Brigitte Schenk, mit etwas bunt gemischtem Programm angetreten und wie Röpke in Köln stationiert, konnte etliche rote Punkte kleben: Die Installationen des ursprünglich zum Biologen ausgebildeten und vor einer Dekade in der Kunst angekommenen Klaus Fritze erinnern an naturkundliche Schautafeln oder Laborinterieurs (um 1000 Euro). Die inszenierten Objekte erreichten die Scope-Laufkundschaft offenbar mit Leichtigkeit. Ähnlich euphorischen Zuspruch vermeldete das unter der Obhut von Fredy Hadorn nicht kommerziell arbeitende Forum Licht Feld aus Basel für die auffälligen Video-Skulpturen des Schweizer Künstlers Marck - für „Maria“ von 2009 oder „Turkysh Bath“ aus dem vergangenen Jahr (12.000 bis 34.000 Dollar).
Berliner unter sich
Ruhiger geht es in einigen Galerien aus Berlin zu, die unter dem Schlagwort Art from Berlin eine eigene Sektion innerhalb der Scope bilden. Aus dem Angebot ragen die geheimnisvollen Malereien von Miriam Vlaming heraus, die von Alexander Ochs einen Soloauftritt erhält. Mystisch und verrätselt wirken auch die Fotografien von Karen Irmer, vorgestellt von der Zweigstelle Berlin. Einen besonders starken Eindruck hinterlassen Irmers „Dickicht“-Bilder für 700 Euro, die als paysages intimes auf die Schule von Barbizon und deren Berührungen mit dem damals jungen Medium Fotografie verweisen. Sebastian Schraders altmeisterlich anmutende Gemälde bei Berlin Art Projects sind nicht immer über jeden Zweifel erhaben; mit der skizzenhaft angelegten „Reise“ von 2005 für 11.000 Euro zeigt er Präzision und Emotion.

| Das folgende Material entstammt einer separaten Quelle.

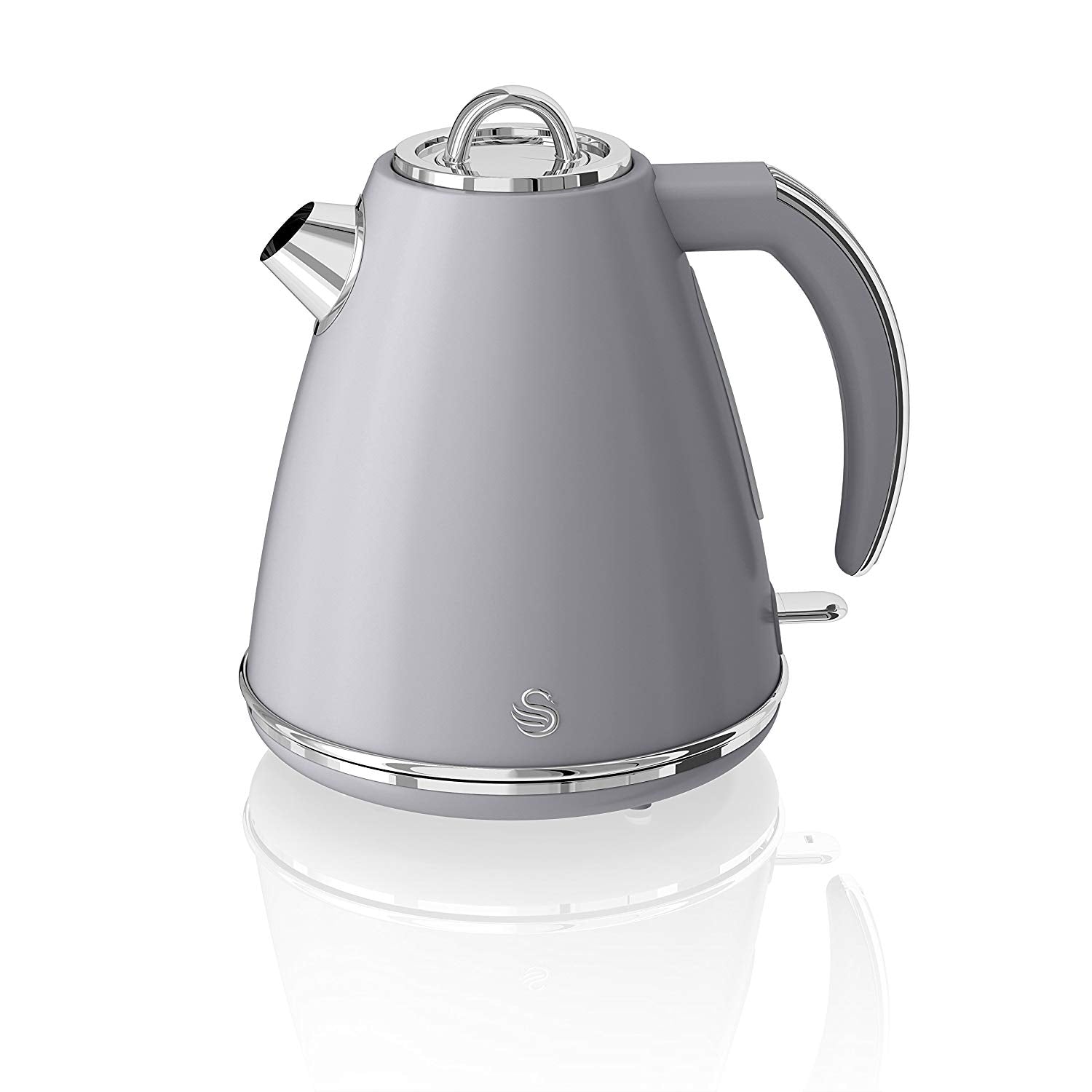 Swan 3000W 1.5L Retro Grey Cordless Electric Kettle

Nicht frei von Ironie treten die Schweizer Admir Jahic und Comenius Röthlisberger auf: Ihre von Hand gezeichnete Youtube-Adaption des inzwischen zum Kultfilm avancierten „Star Wars Kid“ ist in animierter Form bereits selbst wieder Teil des Digitalfilm-Kosmos geworden. Vierzig Sekunden einer absurden Imitation von Star Wars mit großem Fremdschäm-Potential haben die Künstler Bild für Bild in 605 Farbstiftzeichnungen übertragen. Wer alle Blätter besitzen will, benötigt dafür 120.000 Franken und 120 Quadratmeter Wandfläche.